EU AI Act HITL Oversight Skill

Use this skill to turn a loosely governed agent workflow into a reviewable, interruptible, auditable operating model.

Treat this as a supervisory-layer skill. Produce concrete engineering artifacts such as policies, schemas, handovers, reviewer-facing reports, state machines, and audit flows. Do not default to a generic compliance essay.

Mission

Design oversight that a real reviewer can use under pressure:

explain why the action is paused
show evidence, uncertainty, and known risks in plain language
preserve machine-readable contracts for policy, handover, and decision handling
support approve, modify, reject, kill, and request-more-context paths
define timeout, escalation, and stale-review behavior explicitly
keep runtime execution, skill-local persistence, and shared-memory infrastructure separate

Task Intake

Before producing artifacts, establish the minimum operating picture:

target runtime or orchestration framework
side effects the agent can trigger
risk-bearing domains such as money, identity, access, safety, or regulated data
existing checkpoint, storage, or escalation surface
expected reviewer role if known
requested deliverable type

If the request is underspecified, ask only the minimum questions needed to avoid a misleading design. Otherwise continue with conservative defaults and label them clearly.

Deliverable Modes

Choose the narrowest useful output mode and combine modes only when the task calls for it.

1. Findings-first review

Use when the user asks for a review, critique, or retrofit assessment.

Return:

severity-ordered findings first
unsafe defaults and automation-bias risks
missing control boundaries
missing contract or audit fields
the minimum viable correction path

2. Architecture package

Use when the user needs a system design or operating model.

Return:

component and trust boundaries
pause and resume flow
timeout and escalation behavior
state transitions
storage and audit assumptions

3. Contract package

Use when the user needs typed artifacts or implementation-ready payloads.

Return:

interception policy aligned to ../schemas/interception-policy.schema.json
handover packet aligned to ../schemas/handover-packet.schema.json
review decision aligned to ../schemas/review-decision.schema.json
field-level assumptions where repository contracts do not fully determine the answer

4. Reviewer package

Use when the user wants a human-readable report or approval surface.

Return:

a neutral markdown handover aligned with ../examples/handover-report.template.md
the matching machine-readable packet when implementation detail is in scope
reviewer questions, non-approval paths, and deadline or escalation metadata

5. Implementation package

Use when the user wants code, pseudocode, APIs, or stack-specific integration guidance.

Return:

stack-aligned code or pseudocode
validated policy, handover, and decision shapes
redaction and audit rules
timeout, stale-review, and replay-safety handling

Operating Workflow

1. Establish the boundary

Identify the runtime, side effects, persistence surface, and the exact artifact the user needs.

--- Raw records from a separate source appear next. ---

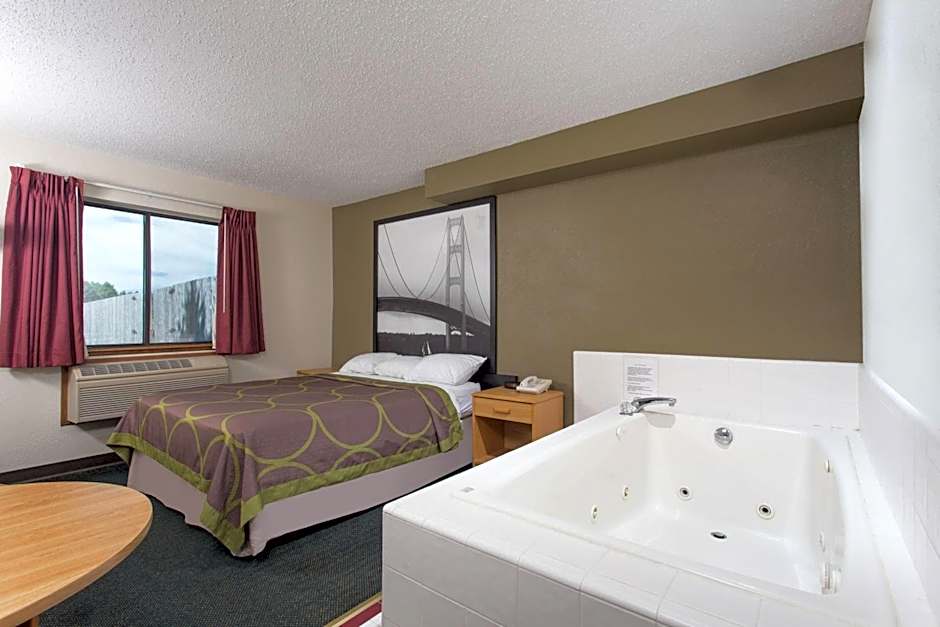 Super 8 by Wyndham Houghton Lake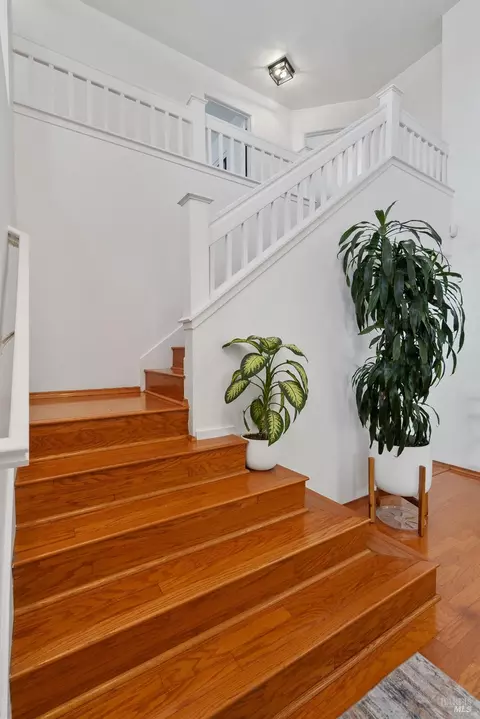 Entry Way - 181 Carnival Ct, Vallejo, CA 94589 photo 3 of 6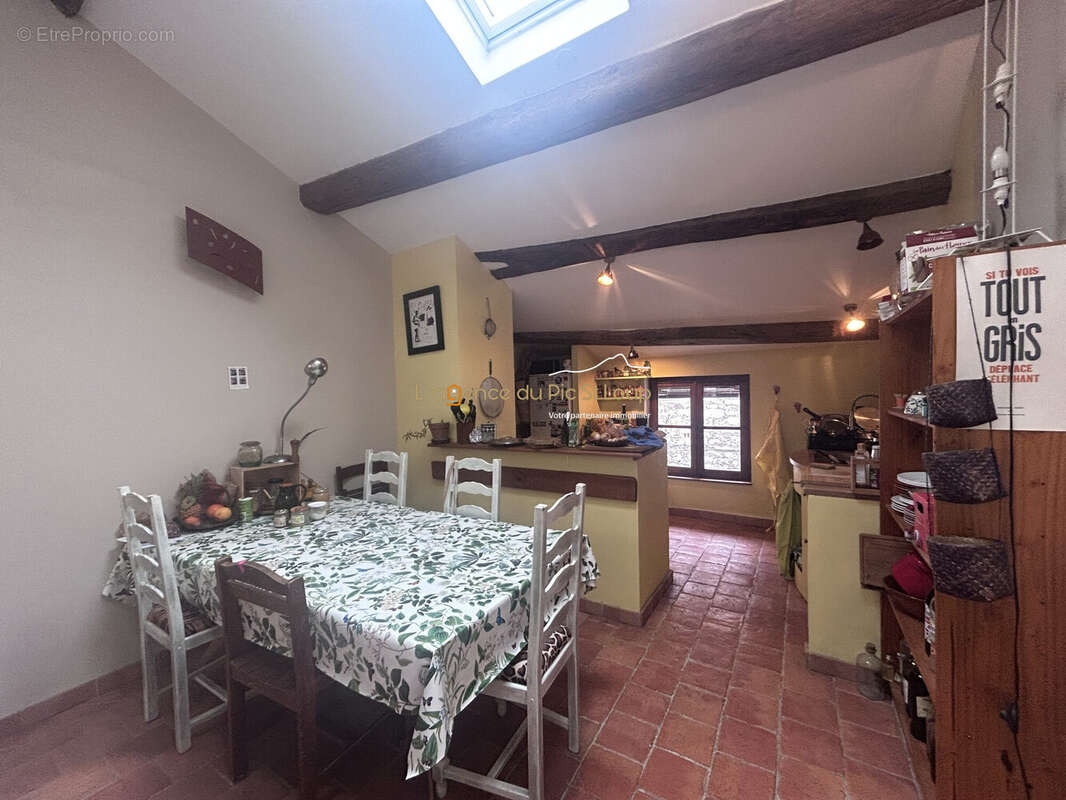 Maison à VIOLS-LE-FORT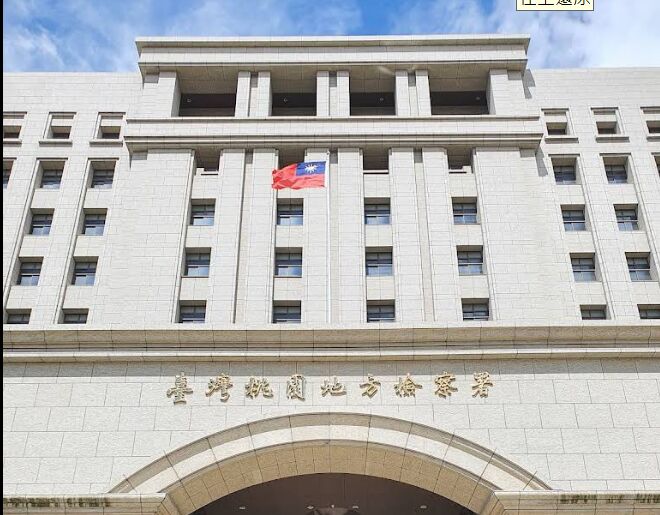 路邊停車「車位被搶走」 男駕駛併排停阻礙下車吃官司 路邊停車「車位被搶走」 男駕駛併排停阻礙下車吃官司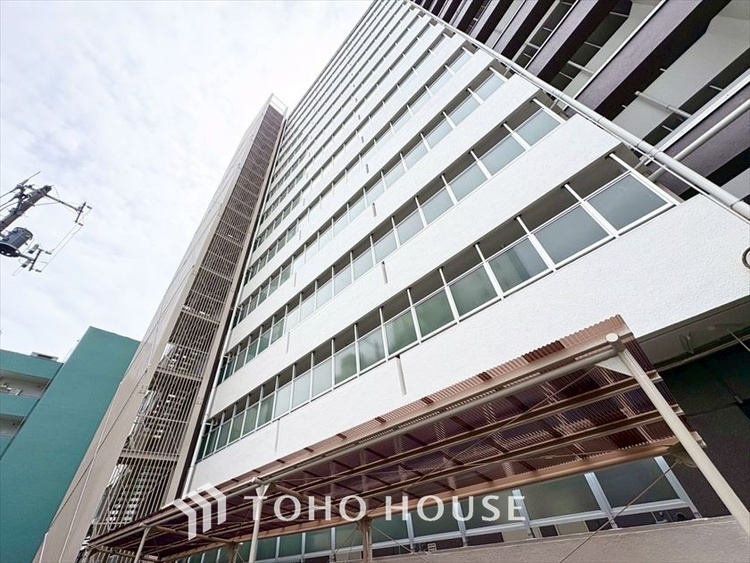 外観 【APPEARANCE】◆眩い◆光が燦々と入り、家族の笑顔を照らす。「いつまでも続いて」と願う夢のような毎日がここにある。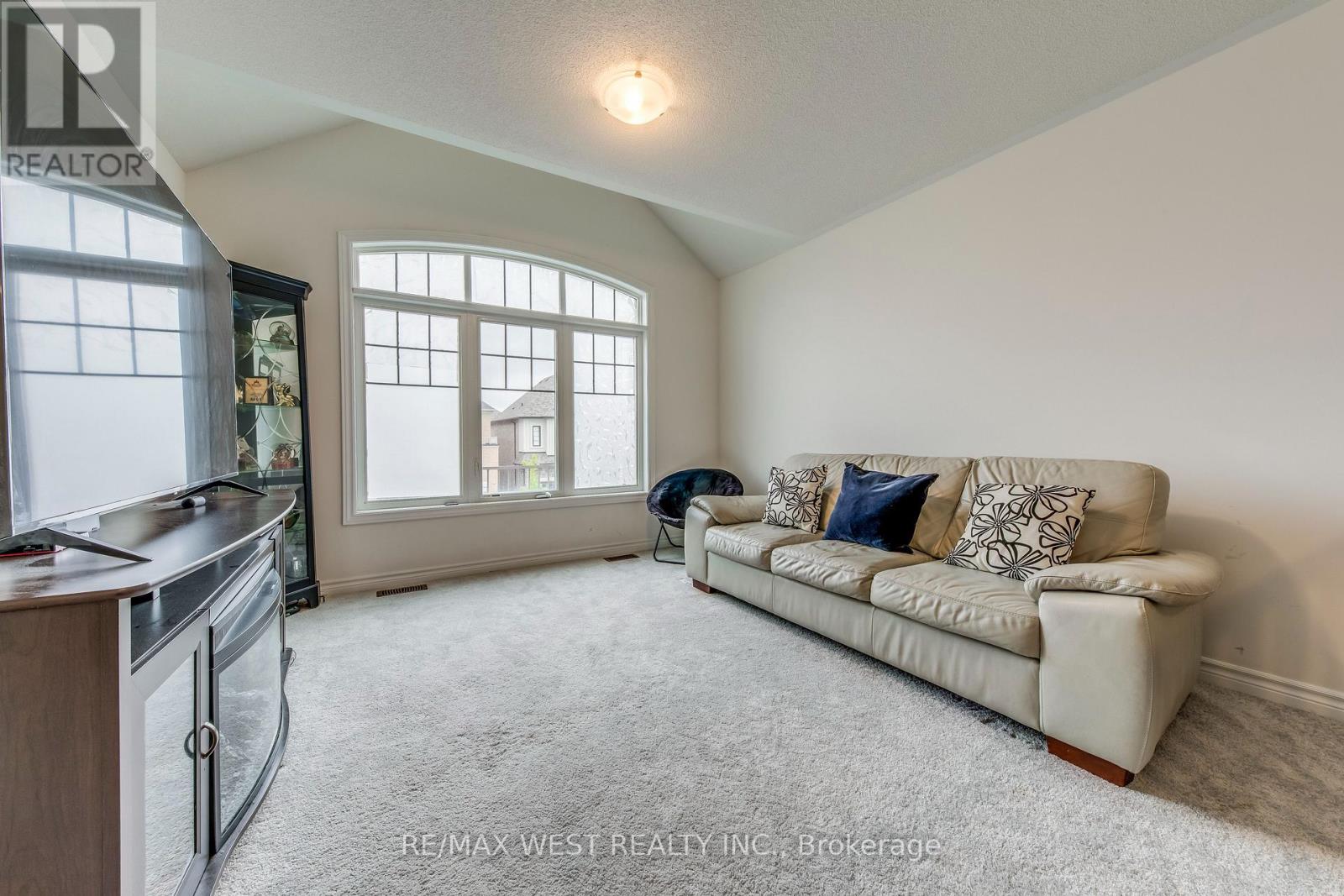 286 Danny Wheeler Boulevard, Georgina, Ontario  L4P 0J9 - Photo 32 - N12402278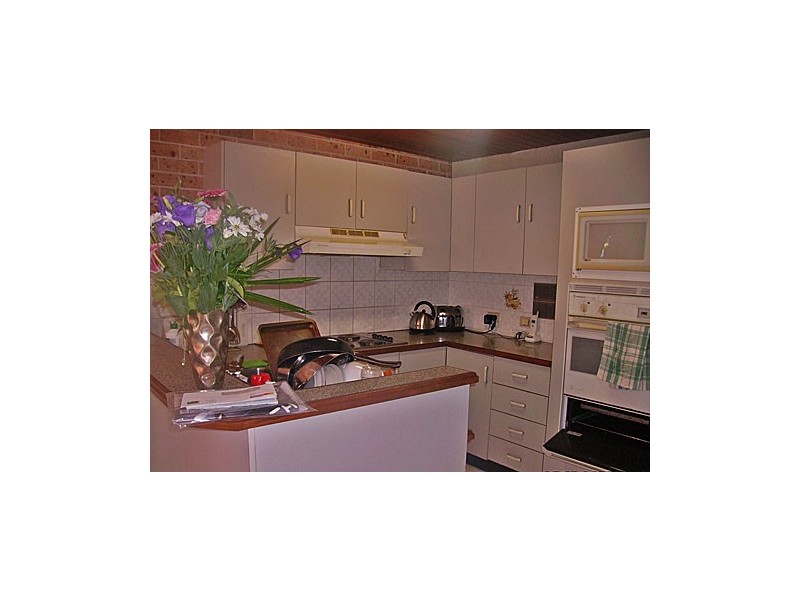 10A-B Tallowood Crescent, Bossley Park NSW 2176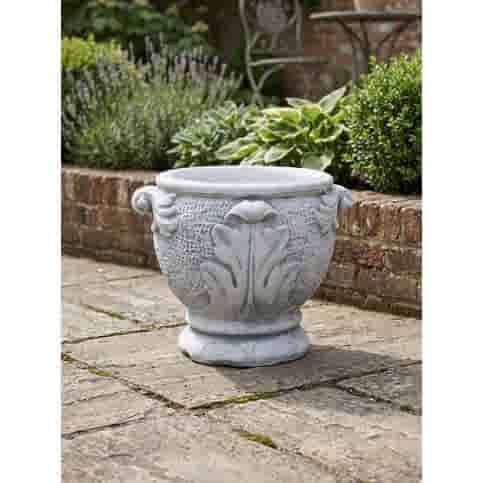Sierlijke betonnen bloempot met gedetailleerde bladeren 43 cm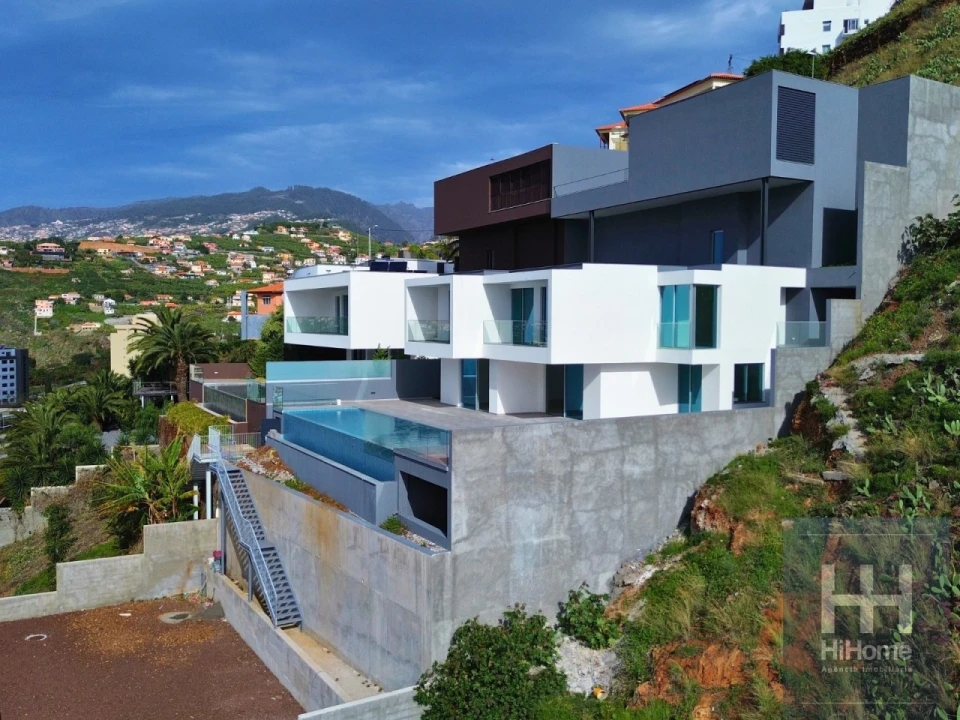 Moradia T4 para Venda em São Martinho Foto 9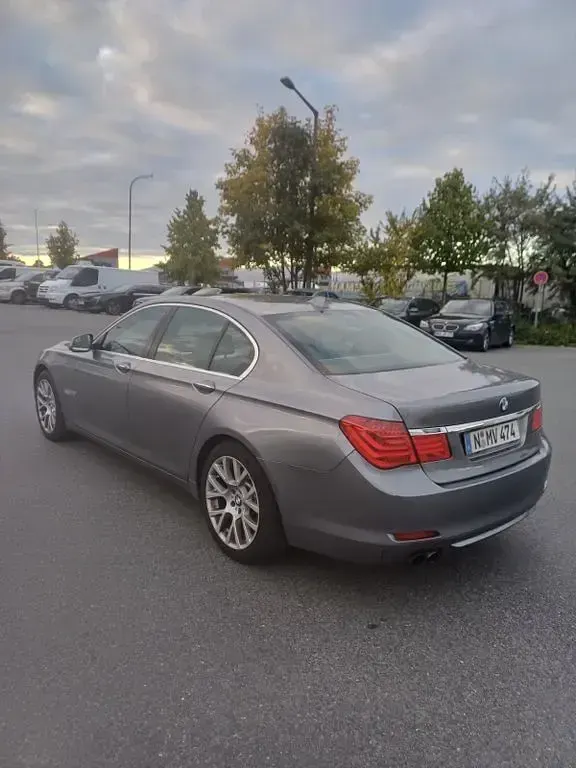 Gebraucht BMW 730 245 PS (180 kW) 2010 Grau Limousine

If the framework is unknown, design a runtime-agnostic supervisor boundary and mark assumptions explicitly.

2. Ground the design in the legal control goals

Read legal-controls.md before drafting the control model.

Translate the control goals into engineering behavior:

the human can understand what is pending
the human can detect uncertainty, anomalies, and limitations
the human can modify, reject, reverse, or halt the action
the event can be reconstructed later from policy, packet, decision, and trace evidence

Do not optimize the design for fastest confirmation.

3. Define the interception policy

When the task needs operational rules, produce a typed policy contract aligned to ../schemas/interception-policy.schema.json.

Cover at least these trigger families:

low confidence or insufficient evidence
sensitive or irreversible actions
anomalies or unstable behavior
repeated failures or loops
policy violations such as missing provenance, redaction, reviewer role, or review prerequisites

If thresholds are missing, choose conservative defaults and label them as defaults.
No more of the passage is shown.